◆ **Material provided**
== Segment start ==

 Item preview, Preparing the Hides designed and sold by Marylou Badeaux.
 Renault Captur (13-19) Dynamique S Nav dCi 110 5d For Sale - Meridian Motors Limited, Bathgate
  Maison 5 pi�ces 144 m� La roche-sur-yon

== Segment end ==
== Segment start ==

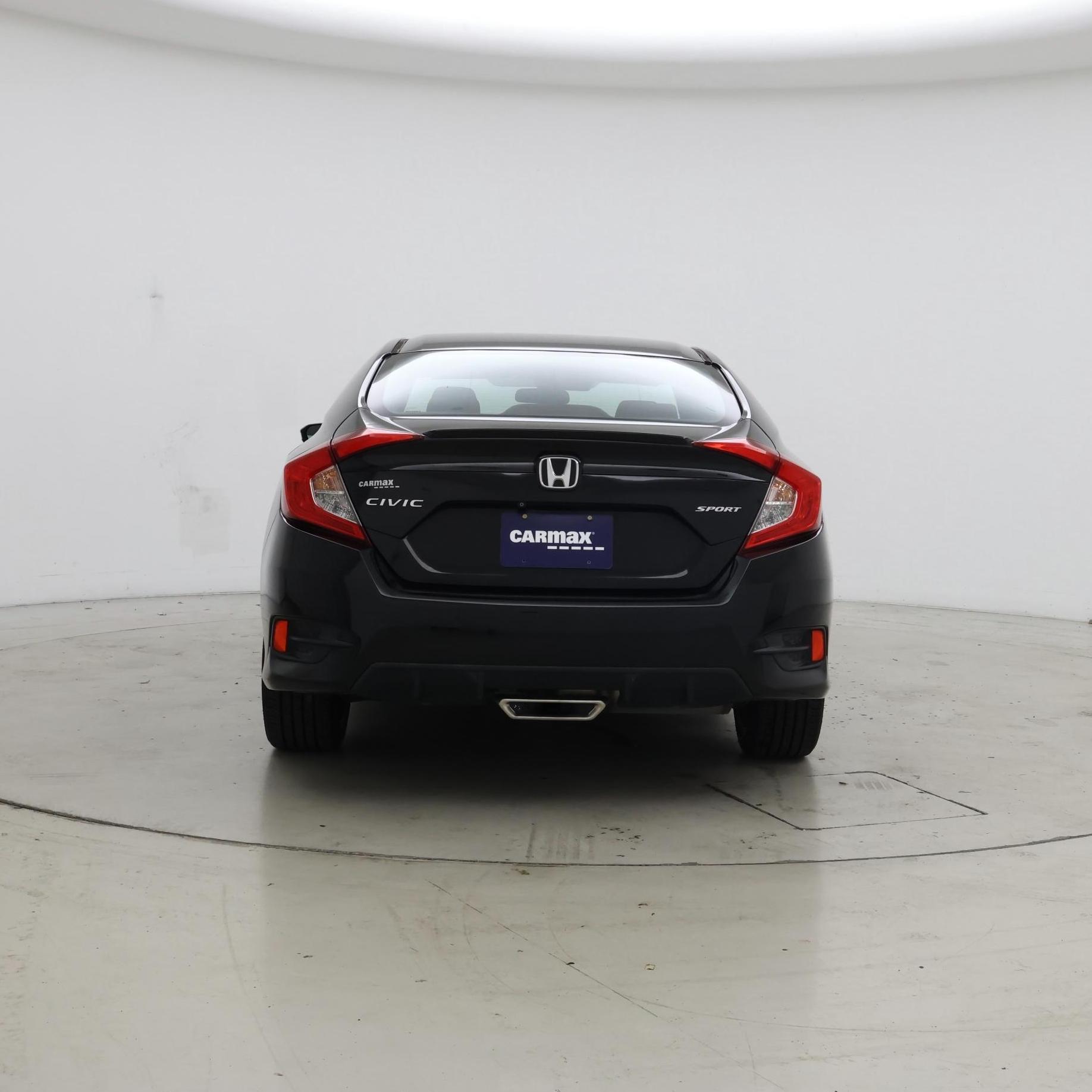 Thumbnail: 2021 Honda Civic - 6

== Segment end ==

◆ **Task brief**
Take the records above and return, word for word, only the lines that fall from the line with "Item preview, Preparing" to the line with "Maison 5 pi�ces 144 m� La roche-sur-yon", both of them included.

◆ **Reply to the task**
 Item preview, Preparing the Hides designed and sold by Marylou Badeaux.
 Renault Captur (13-19) Dynamique S Nav dCi 110 5d For Sale - Meridian Motors Limited, Bathgate
  Maison 5 pi�ces 144 m� La roche-sur-yon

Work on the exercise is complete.